Aveva capito che ogni sospensione per me era un premio. L’emozione si trasformò in un nodo alla gola, quando entrai nell’aula dove dovevo tenere la lezione, che era il vecchio laboratorio di chimica. Un’aula particolare, con i banchi a semicerchio sui gradoni e la cattedra costituita ancora da un bancone con le mattonelle bianche.
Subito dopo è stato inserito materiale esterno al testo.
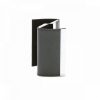 Portcard din metal si piele ecologica, Everestus, PE02, negru, 93x67x19 mm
Non so se ancora oggi negli istituti per ragionieri si studi la chimica, ma quell’aula è rimasta identica a quella di cinquant’anni fa. Ed è stato in quella occasione, osservando, durante le due ore di lezione, attentamente i ragazzi che erano seduti ai banchi, che mi sono reso conto di quanto fossimo stupidi noi ragazzi di allora, ritenendo che le nostre contorsioni, specialmente quando eravamo in classe mista, potessero passare inosservate ai professori. Lasciamo perdere.

Ora quella scuola la vogliono chiudere. Così ha deciso l’Amministrazione Provinciale, forse sentito il parere dell’Opus Dei, nell’ambito del piano di riordino dell’edilizia scolastica. Bravi. Ma lo sapete che state distruggendo un pezzo di storia della città? Sapete che il “Marconi” è stata la prima scuola superiore istituita a Brindisi? Sapete che alla fine degli anni Venti del secolo scorso, quando si decise che anche Brindisi (che ne era del tutto sprovvisto) aveva il diritto di avere una scuola superiore, si fece un referendum ed i brindisini preferirono l’istituto tecnico al liceo classico (che venne infatti istituito solo un quarto di secolo dopo)? Quando amministrava Errico si diceva che uno dei limiti di quella giunta, oltre all’integralismo ambientale, fosse anche l’assenza di assessori di Brindisi. Ebbene ora –se ricordo bene- ce ne sono tre. Possibile che nessuno abbia sentito un brivido nella schiena votando a favore della cancellazione di un pezzo di storia della sua città?

Certo, capisco che le attuali esigenze didattiche e la diminuzione della popolazione scolastica impongano scelte adeguate, ma non sferrando cazzotti nello stomaco della storia. Andateci piano.  Immaginate, ad esempio, cosa accadrebbe a Lecce se decidessero di chiudere il “Palmieri” o, senza andare fuori provincia, a Francavilla Fontana il “Lilla”, o a Ostuni il “Calamo”? Scuole alle quali, come per il “Marconi”, si sono formate intere generazioni, e che rappresentano un simbolo per le loro città?

Soluzioni alternative esistono, anche in tempi difficili come quelli che stiamo vivendo. Ad esempio, l’anno scorso, in previsione del 150° Anniversario dell’Unità d’Italia, per celebrarlo degnamente anche in provincia di Brindisi, mi venne richiesto dall’Amministrazione Provinciale un contributo di idee, un progetto di iniziative. Del progetto –richiestomi, lo sottolineo- non ho mai avuto notizie (figuriamoci un grazie), ma nelle conversazioni preliminari proposi che la Provincia acquistasse la casa natale di Cesare Braico, il medico dei Mille, e ne facesse un museo del contributo che la Terra di Brindisi dette all’Unità d’Italia, oppure una pinacoteca, istituzione che ancora manca a Brindisi. Mi si obiettò che non c’erano i soldi, ed io suggerii di inserire questa eventualità nel pacchetto delle richieste che l’Amministrazione Provinciale si accingeva a presentare all’Enel per sottoscrivere la famosa convenzione, diventata ormai come la tela di Penelope. Niente di rivoluzionario, dal “Verdi” all’eliminazione dell’amianto alla Cittadella della Ricerca, l’Enel quando viene adeguatamente sollecitata non volta mai le spalle.

Ho fatto un esempio concreto di come si potrebbe valorizzare il nostro patrimonio, se ne potrebbero fare mille altri. Provateci anche voi. Evitiamo però, almeno in questa circostanza, di scadere nell’abitudine (maledizione?) brindisina di dare calci alla propria storia, al proprio orgoglio.